Here is an example of the command:

.. literalinclude:: ../tutorial_files/c_sequence_output/01_sequence_generation/commands/SEQUENCE_GENERATION_DEPLOY.txt
    :language: console

.. important::
    Currently neither serving nor predicting works with the "bpe" tokenizer
    due to a bug / design decision in the library that implements it,
    see `here <https://github.com/huggingface/tokenizers/issues/566>`__
    for more information.

Sending Requests
""""""""""""""""

With the server running, we can now send requests for generating sequences based on initial text prompts.

Here's an example Python function demonstrating this process:

.. code-block:: python

    import requests

    def send_request(url: str, payload: dict):
        response = requests.post(url, json=payload)
        return response.json()

    example_requests = [
        {"imdb_output": "This movie was great, I have to say "},
        {"imdb_output": "This movie was terrible, I "},
    ]

    for payload in example_requests:
        response = send_request('http://localhost:8000/predict', payload)
        print(f"Prompt: {payload['imdb_output']}")
        print(f"Generated text: {response}\n")
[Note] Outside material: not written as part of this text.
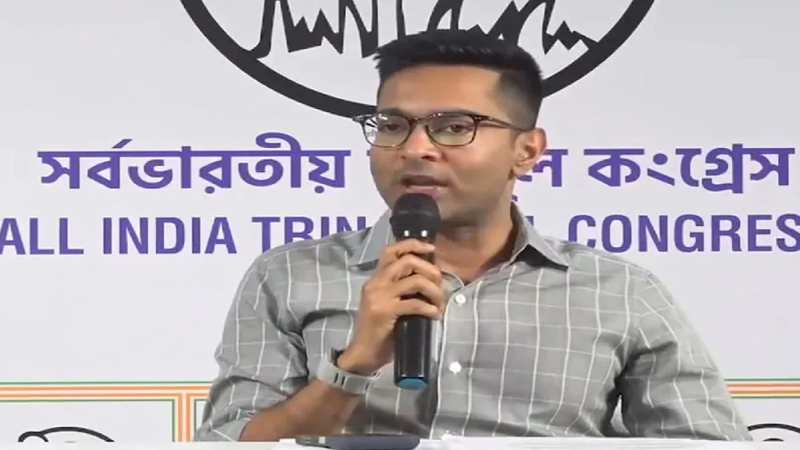 দেড় বছর ধরে শেখ হাসিনা কেন দিল্লিতে, প্রশ্ন তুললেন তৃণমূল নেতা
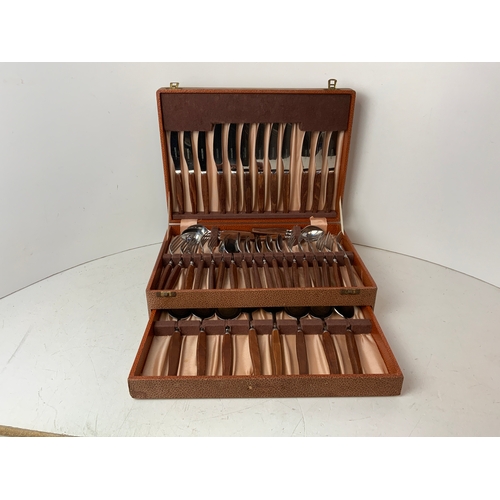 355 - Canteen of Retro Wooden Handled Cutlery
Additionally, you can send requests using `bash`:

.. code-block:: bash

    curl -X 'POST' \\
      'http://localhost:8000/predict' \\
      -H 'accept: application/json' \\
      -H 'Content-Type: application/json' \\
      -d '{
          "imdb_output": "This movie was great, I have to say "
      }'

Analyzing Responses
"""""""""""""""""""

After sending requests to the served model, the responses can be analyzed.
These responses demonstrate the model's ability to generate text sequences based on the provided prompts.

.. literalinclude:: ../tutorial_files/c_sequence_output/01_sequence_generation/serve_results/predictions.json
    :language: json
    :caption: predictions.json

If you made it this far, I want to thank you for reading!